Configuring bidirectional text support

IBM® z/OS® Connect can support CICS services which have their data formatted as bidirectional text (bidi). This capability allows REST clients to more easily exchange data in logical order, while allowing the underlying application to operate upon data that is in visual order.

Before you begin

Bidi SOR application support allows bidi text, in all single byte, EBCDIC and character field types, to retain its visual order. Configurations for how to process and render bidi text are specified with attributes in a zosconnect_bidiConfig element in server.xml.

To enable support for bidi text, you must have the minimum z/OS Connect EE API toolkit and z/OS Connect server versions installed that are required to use the capability. To learn more, see Capabilities compatibility.

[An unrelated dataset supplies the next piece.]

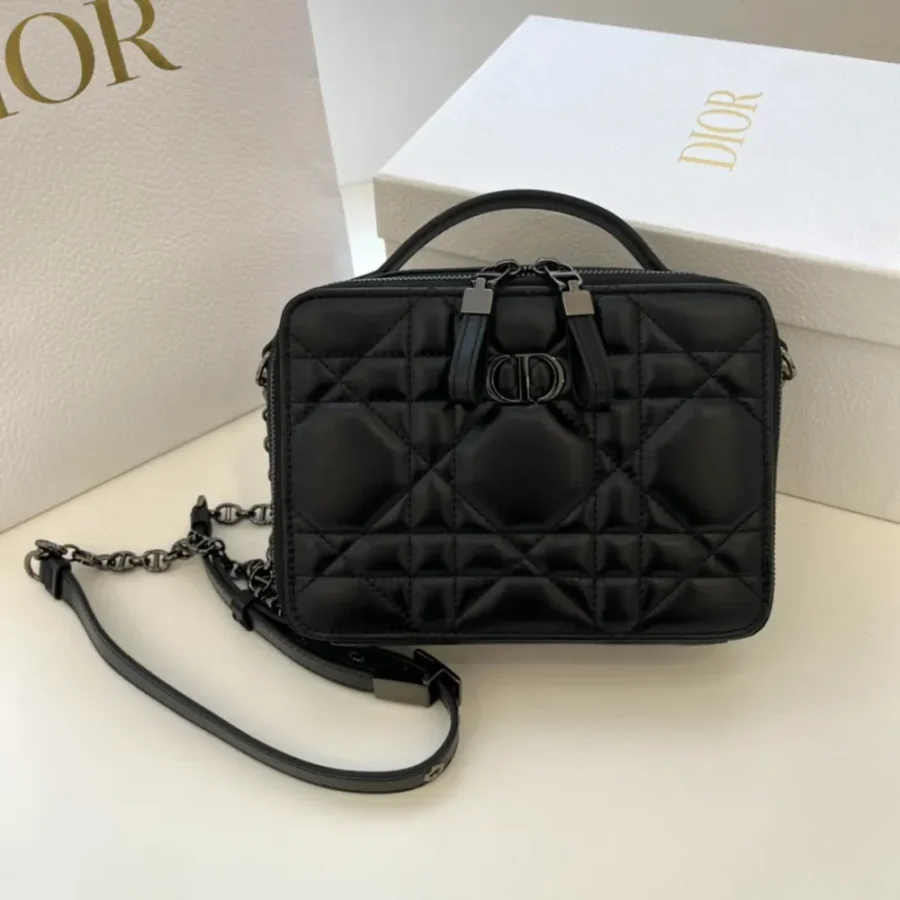 Black Autumn/Winter Camera Bag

Note: Bidi support in CICS applications comes with the following limitations:
  • Bidi text transformations do not apply to service fields that are overridden as type Boolean or Date. The field types that are supported are only non-numeric, SBCS, EBCDIC, and Unicode fields.
  • This enhancement implements the open source ICU4J Bidi Transformation Engine, and inherits its own limitations and restrictions. To learn more about these, see the Unicode ICU Bidi Transform documentation on GitHub for more information.
  • Bidi text conversions can only be used with CICS COMMAREA services and CICS channel services.

In the server.xml, bidi service configurations are expressed by statically defining how incoming and outgoing left-to-right (LTR) or right-to-left (RTL) text direction may be transformed by the service.

Selecting bidi configurations in the API Toolkit

To select a bidi configuration to be used in a CICS service, perform the following:
  1. Open the service with the Service Project Editor.
  2. Select the Configuration tab.
  3. Within the Optional Configuration section, specify the unique ID of the bidi configuration you will use for this given service.

    This ID is the id attribute of the zosconnect_bidiConfig element in server.xml.

Configuration elements

The zosconnect_bidiConfig element attributes are listed in the Reference section.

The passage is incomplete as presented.